WHAT IS BEING ASKED. Could you give back exactly the lines below from the one with "World】Recycling Day 原版英文儿童绘本" through the one with "mTalent Czytanie SY-LA-BA-MI", without a single picture?

MATERIAL FOR THE TASK.
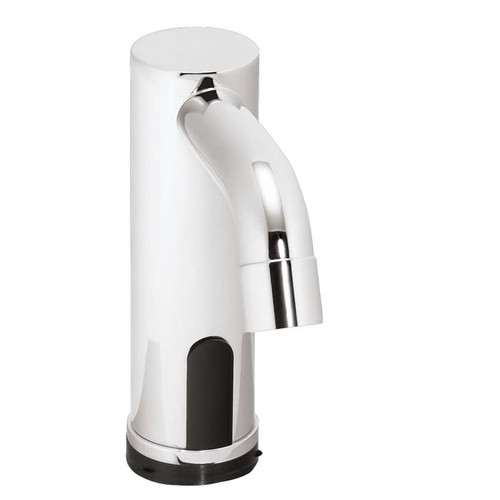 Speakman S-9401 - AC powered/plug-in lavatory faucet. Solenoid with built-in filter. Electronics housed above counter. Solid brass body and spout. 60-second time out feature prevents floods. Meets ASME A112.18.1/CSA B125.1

--

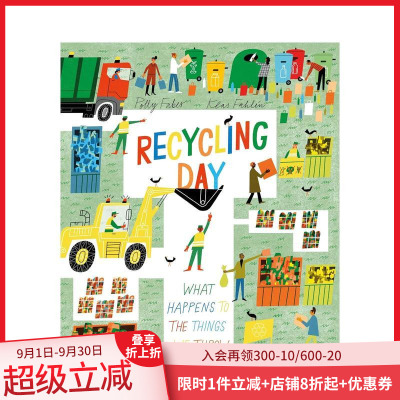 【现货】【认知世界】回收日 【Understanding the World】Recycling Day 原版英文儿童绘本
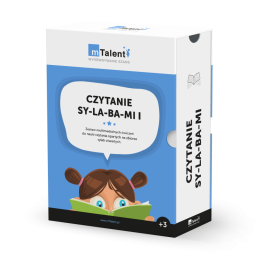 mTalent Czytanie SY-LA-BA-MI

* * *

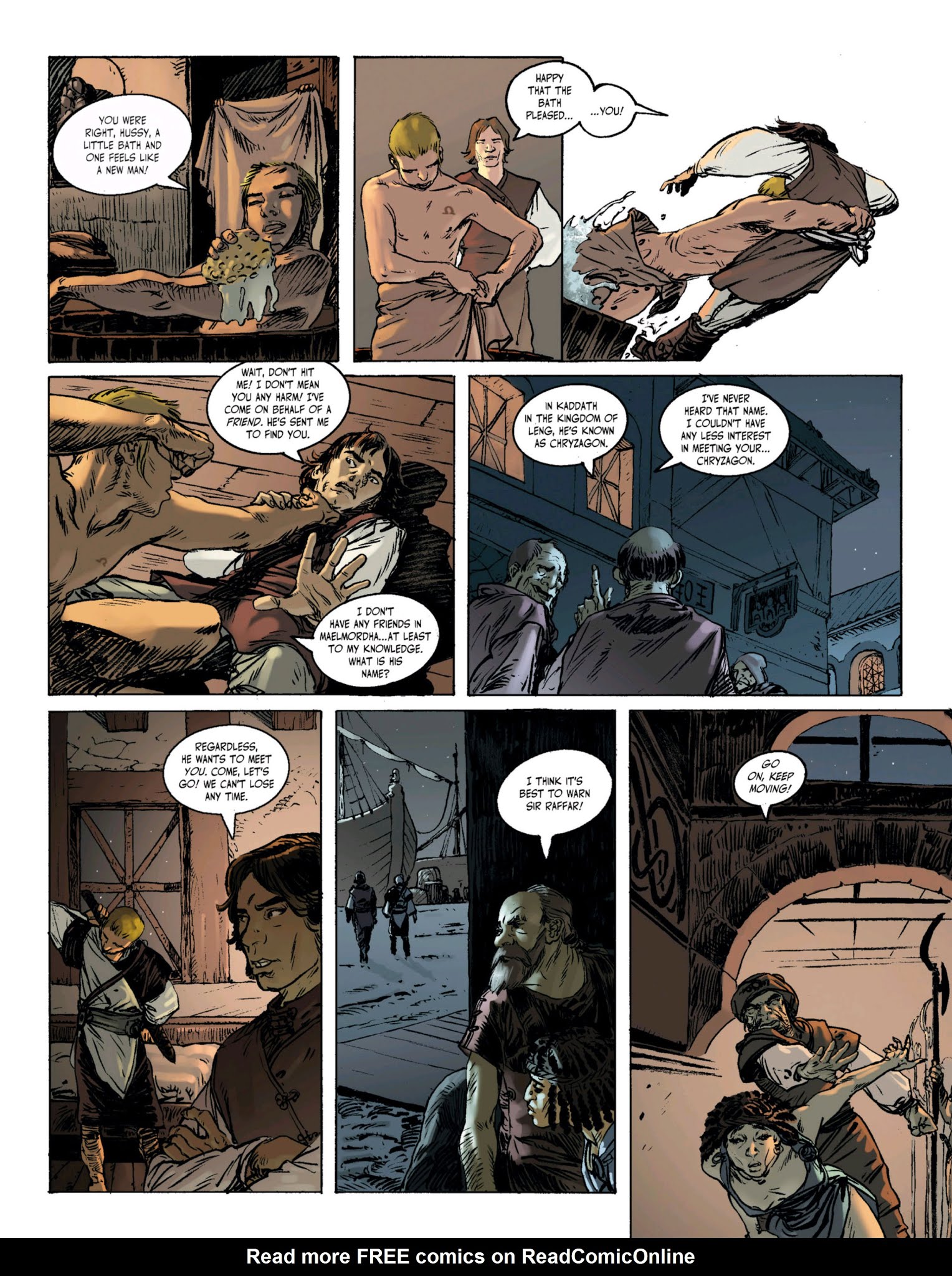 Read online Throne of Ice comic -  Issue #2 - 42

ANSWER FOR THIS EXERCISE.
 【现货】【认知世界】回收日 【Understanding the World】Recycling Day 原版英文儿童绘本
 mTalent Czytanie SY-LA-BA-MI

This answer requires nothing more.